I disagree fundamentally that we ought to have an unaccountable paramilitary force wreaking havoc on the streets of our country. ICE, as Trump has remade it, is killing American citizens.

And I can't pretend like that is not happening. I stood where Renee Good was shot and killed while her vehicle was driving away. I stood where Alex Pretti lost his life while just trying to defend and protect a woman who we all saw being abused by ICE agents in realtime.

And so this idea that we either have to fund that or shut the government down is a false choice. Republicans have the majority in the Senate. They have the majority in the House. They have the White House. We can pay our workers right now.

By the way, ICE already has more than enough money. They gave ICE $75 billion in the ``One Big Ugly Bill.''

Let me put that in perspective. In terms of funding, ICE is now bigger than the U.S. Marines, and my Republican friends are saying to me and saying to my colleagues that if you don't give this overgrown paramilitary force of masked agents jumping out of unmarked cars more money, we are going to leave TSA workers and others unpaid.

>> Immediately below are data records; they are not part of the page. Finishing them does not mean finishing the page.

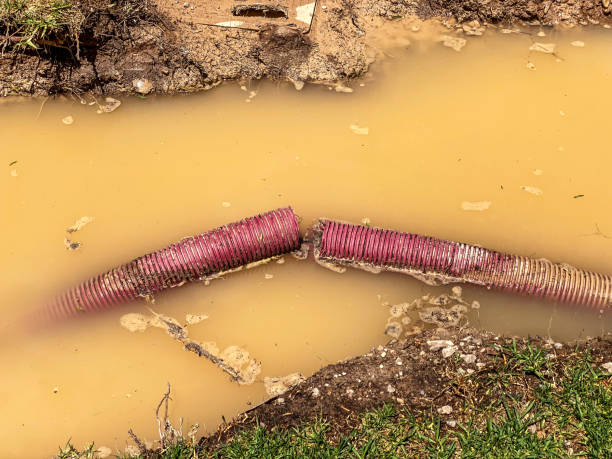 Reliable Mesa Del Caballo, AZ Water damage restoration Solutions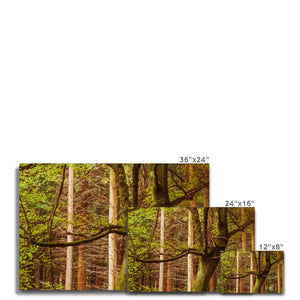 Forest 12 Canvas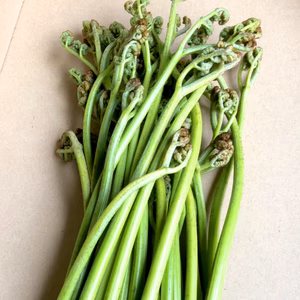 山形直送♪自然の恵み天然生わらび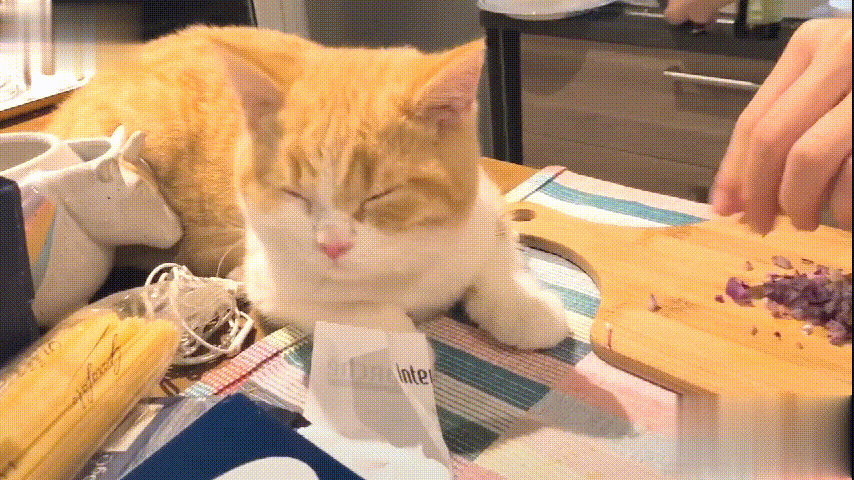 猫咪看着被咬坏的沙发好像在问我:要猫还是要沙发,只能选一个!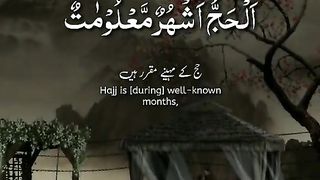 Al Quran 101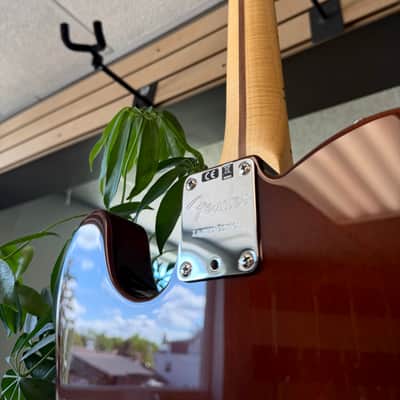 Fender Limited Edition Exotic Collection Malaysian Blackwood Telecaster 90 2017 - Gloss Natural image 10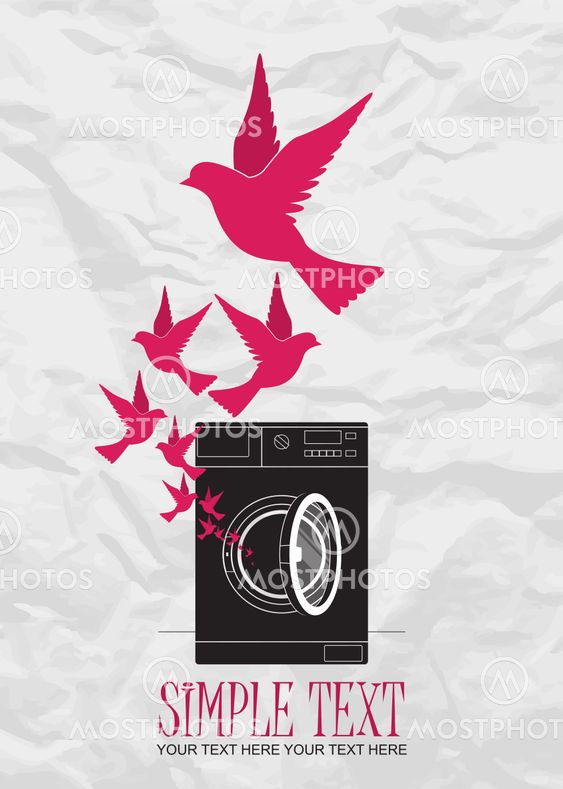 Abstract vector illustration of washing machine and birds.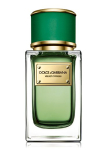 Dolce & Gabbana Velvet Cypress EDP U 150 ml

I think that is patently unfair. I think we ought to fund the Federal workers; we ought to fund FEMA, the Coast Guard. We ought to fund Homeland Security while we have a principled argument about what is happening with ICE, because what is happening there gets to the very basic things that I learned in my ninth grade civics class about the engagement between law enforcement and ordinary citizens every single day. And what we are witnessing, in this moment, is unacceptable.

Pay the TSA workers. That is my offer. That is my request.